Images for object localization
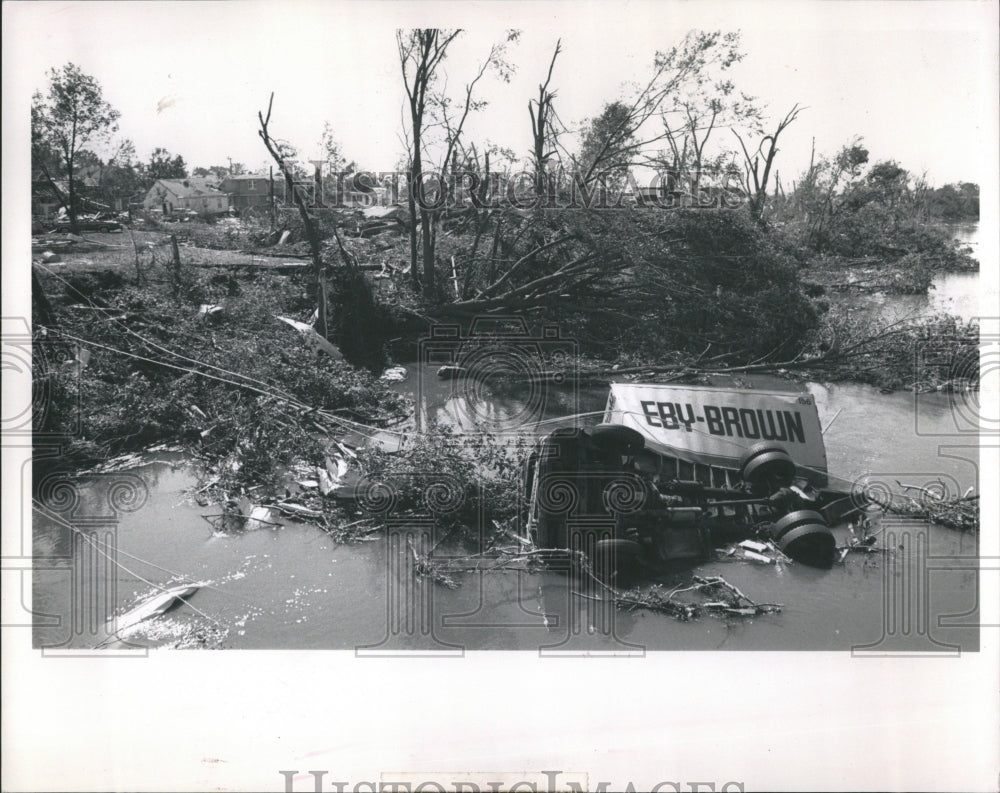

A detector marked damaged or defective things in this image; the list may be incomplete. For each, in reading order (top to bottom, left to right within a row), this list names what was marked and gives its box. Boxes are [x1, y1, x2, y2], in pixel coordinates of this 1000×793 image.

overturned eby-brown truck [520, 384, 856, 580]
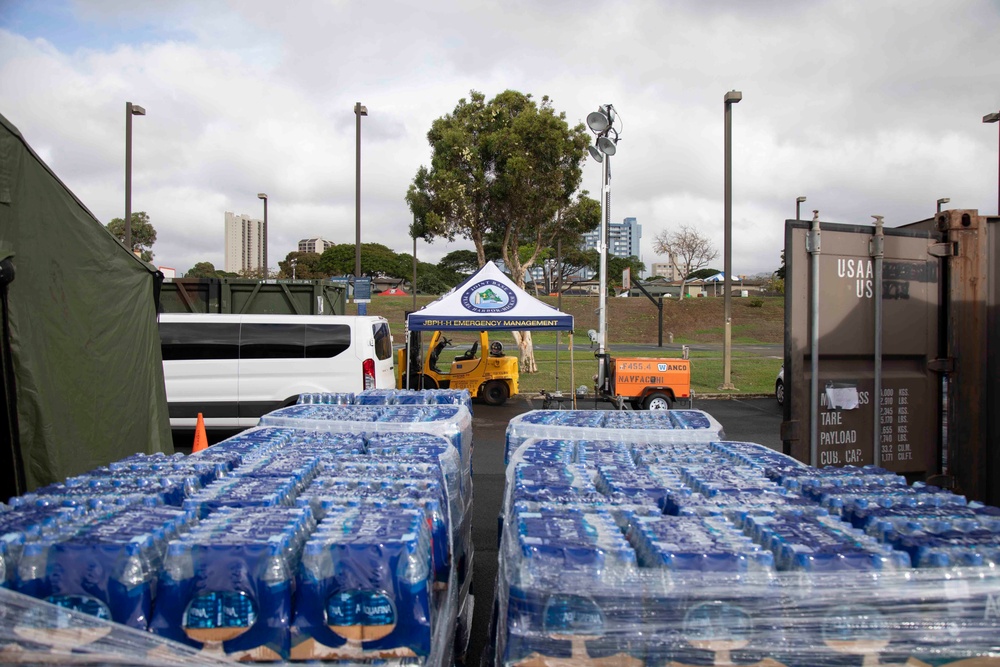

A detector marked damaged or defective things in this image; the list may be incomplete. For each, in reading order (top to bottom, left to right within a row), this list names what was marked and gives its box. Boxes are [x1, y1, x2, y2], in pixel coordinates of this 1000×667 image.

rusty container door [784, 220, 940, 480]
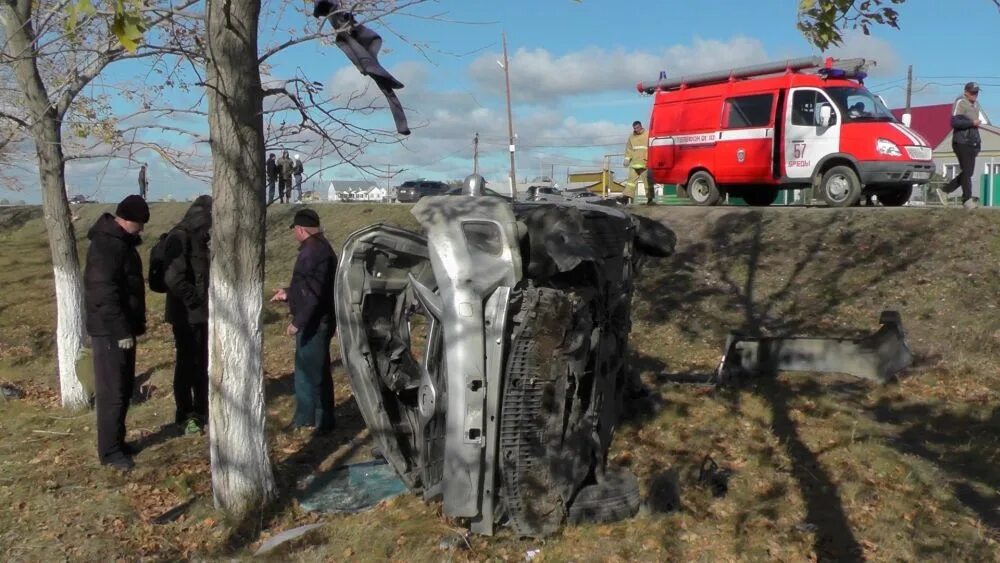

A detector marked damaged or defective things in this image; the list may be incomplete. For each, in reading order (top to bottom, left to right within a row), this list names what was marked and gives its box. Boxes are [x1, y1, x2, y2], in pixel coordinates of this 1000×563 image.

overturned silver car [334, 183, 672, 540]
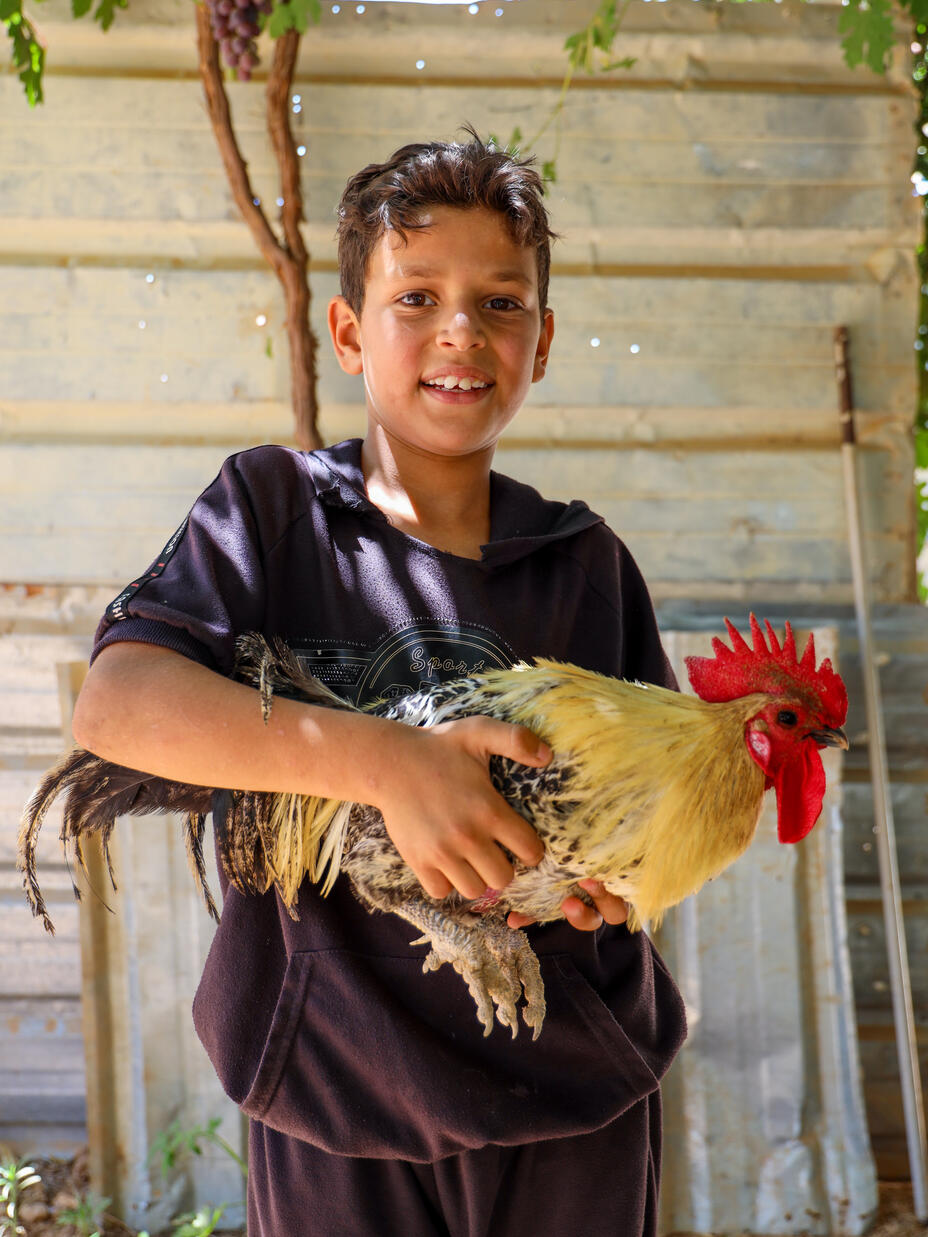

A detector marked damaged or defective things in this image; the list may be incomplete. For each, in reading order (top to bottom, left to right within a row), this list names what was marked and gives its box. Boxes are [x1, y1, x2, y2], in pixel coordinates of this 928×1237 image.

What needs to be done
Beginning with the line holding "this 1000×563 image.", copy each line exactly through the end of the records above, and leave every picture out.

Result of the task
A detector marked damaged or defective things in this image; the list may be incomplete. For each, in reading order (top to bottom, left to right within a row), this list names what was marked and gives its box. Boxes are [x1, y1, x2, y2], in pixel coordinates of this 1000×563 image.

overturned silver car [334, 183, 672, 540]

A detector marked damaged or defective things in this image; the list may be incomplete. For each, in reading order (top to bottom, left to right within a row), this list names what was marked and gives its box. Boxes are [x1, y1, x2, y2], in pixel coordinates of this 928×1237 image.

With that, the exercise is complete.